The research process was great fun and diving into the period had its many pleasures, such as looking at photography and watching films from the time before collecting all the clothes to make all the different wardrobes. “I’ve always liked Hollywood’s period of movies from the ’30s, ’40s and ’50s,” the costume designer said. She found the period fascinating especially postwar when there was so much change. “It was just a big thing in Europe, the Second World War, how it affected different people’s lives and the decisions they made. And I think Eilis’ life was affected by it. There was no work so people had to make much bigger and bolder decisions to leave their homes and families to be able to move forward.”
The lovely color palette happened as a result of instinct. It was a happy accident as Dicks-Mireaux didn’t set out to create a deliberate color palette. “I knew there would be more color in America, just generally and there were certain colors in the clothes and fabrics that weren’t around in Europe, for instance the wedding suit, that apricot suit when she gets married. You wouldn’t have been able to buy that in Europe at the time. So it was fun to use things that you wouldn’t be able to if you were doing just a British movie,” she explained.
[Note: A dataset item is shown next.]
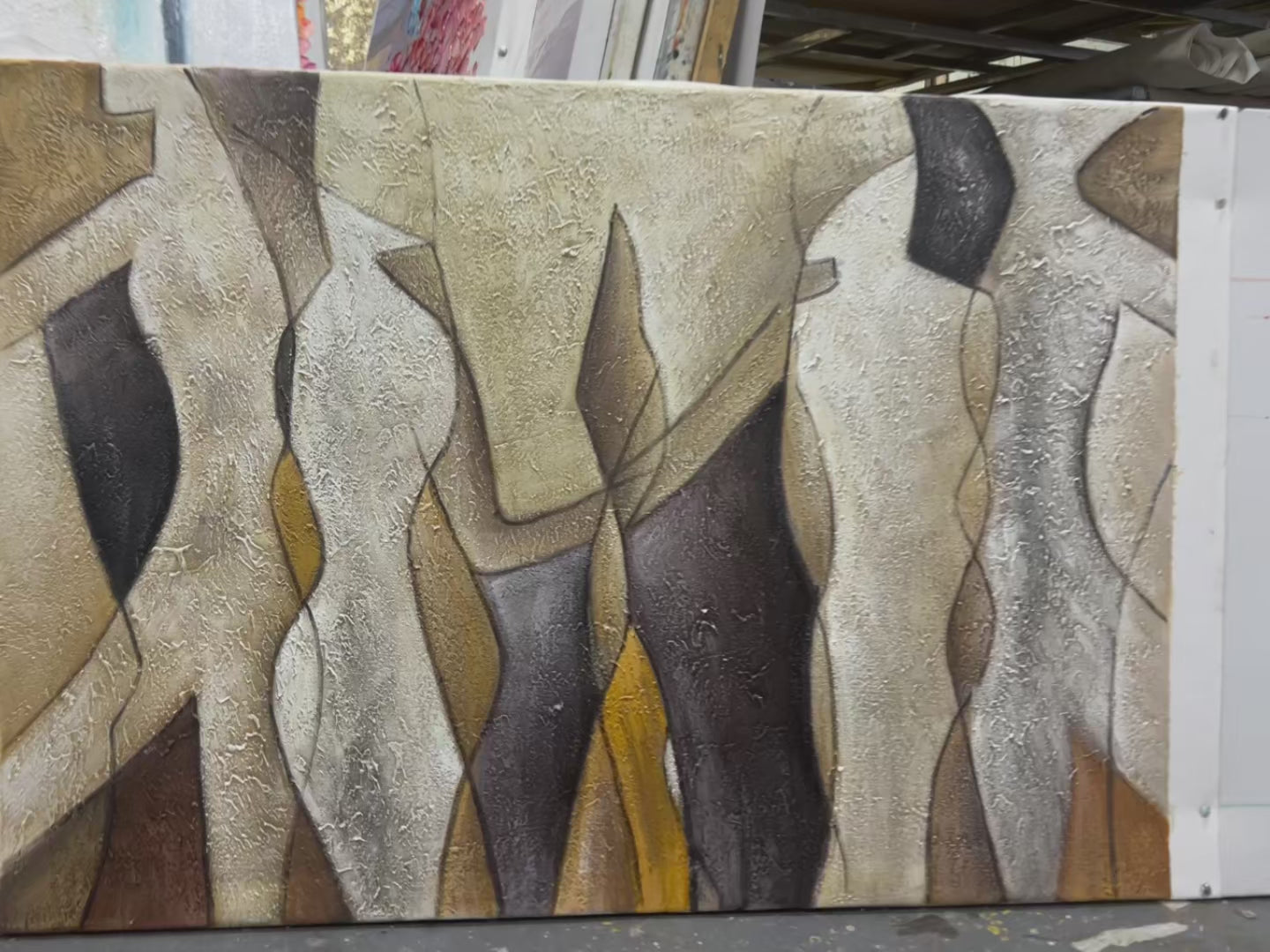 ABSTRACT FIGURES: Textured Abstract Figures Painting, Beige and Brown Wall Art, Horizontal Canvas, Modern Decor - Image 4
The conversation about what Eilis would wear when she moved to America was one Dicks-Mireaux had early on with the director. She knew the character would change in America and eventually want to wear what Americans wore. It was a creative and interesting process to contrast the two worlds through Eilis’ journey there. “The challenge was to get her from one world into the other world and so by the end she was completely different. That was fun to do,” the costume designer said.